What the exercise asks.
Your task is to transcribe all the entries exactly, excluding pictures.
**** Data for processing
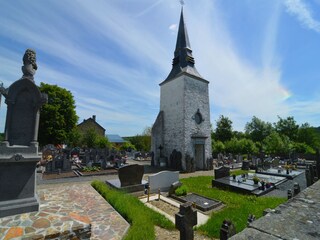 Vakantiehuis Houffalize Omgeving 36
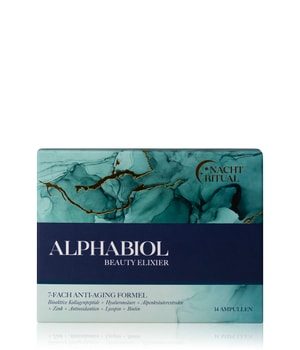 NanoRepro Elixiere NanoRepro Elixiere Beauty Elixier  1.0 pieces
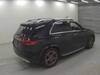 MERCEDES BENZ GLE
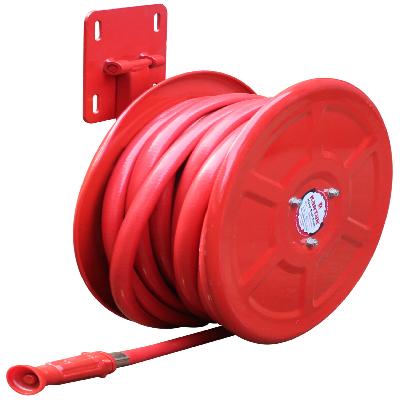 Hose Reel Drum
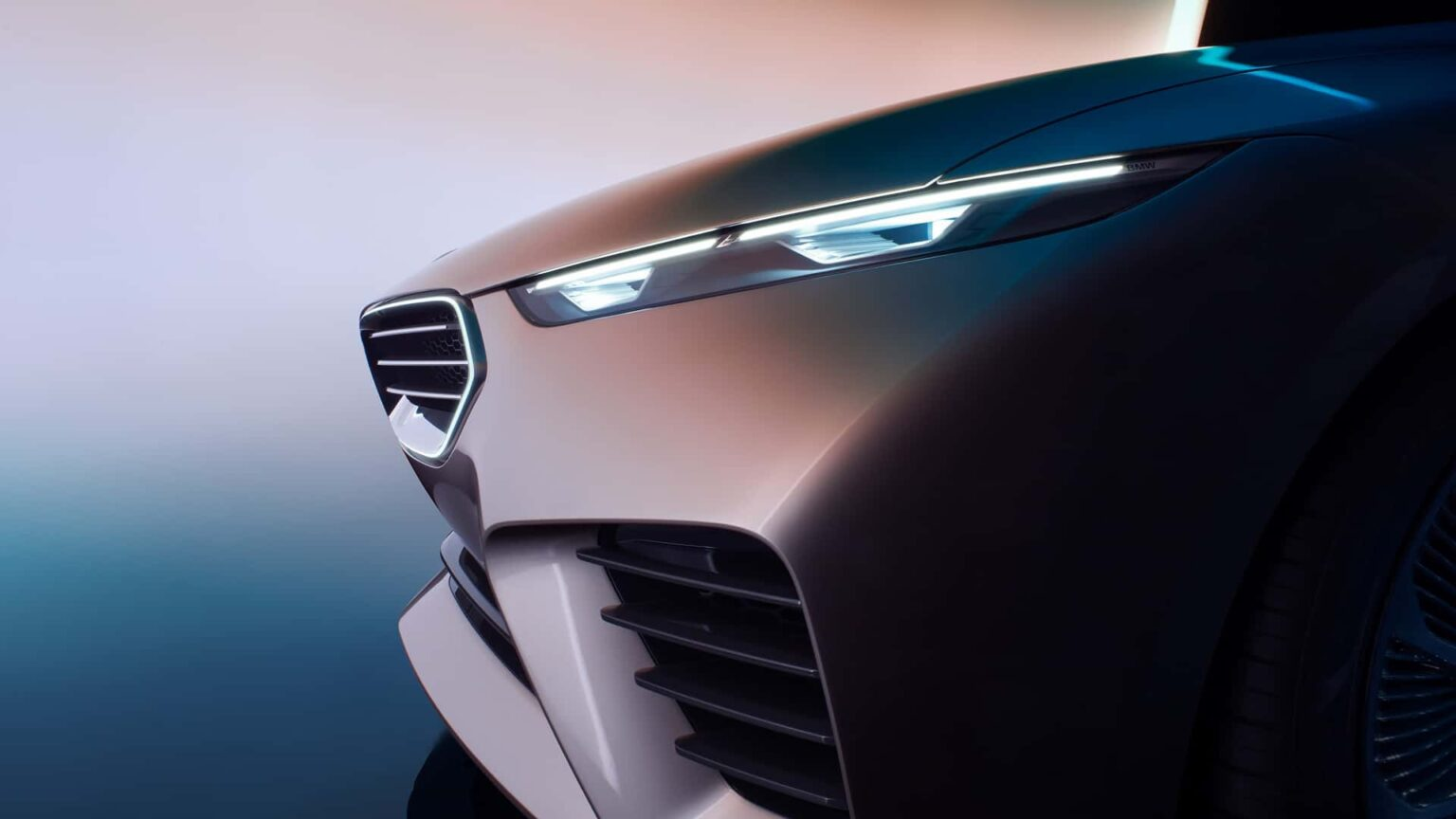 BMW Memperkenalkan BMW Concept Skytop di Concorso d’Eleganza Villa d’Este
********
Reply.
 Vakantiehuis Houffalize Omgeving 36
 NanoRepro Elixiere NanoRepro Elixiere Beauty Elixier  1.0 pieces
 MERCEDES BENZ GLE
 Hose Reel Drum
 BMW Memperkenalkan BMW Concept Skytop di Concorso d’Eleganza Villa d’Este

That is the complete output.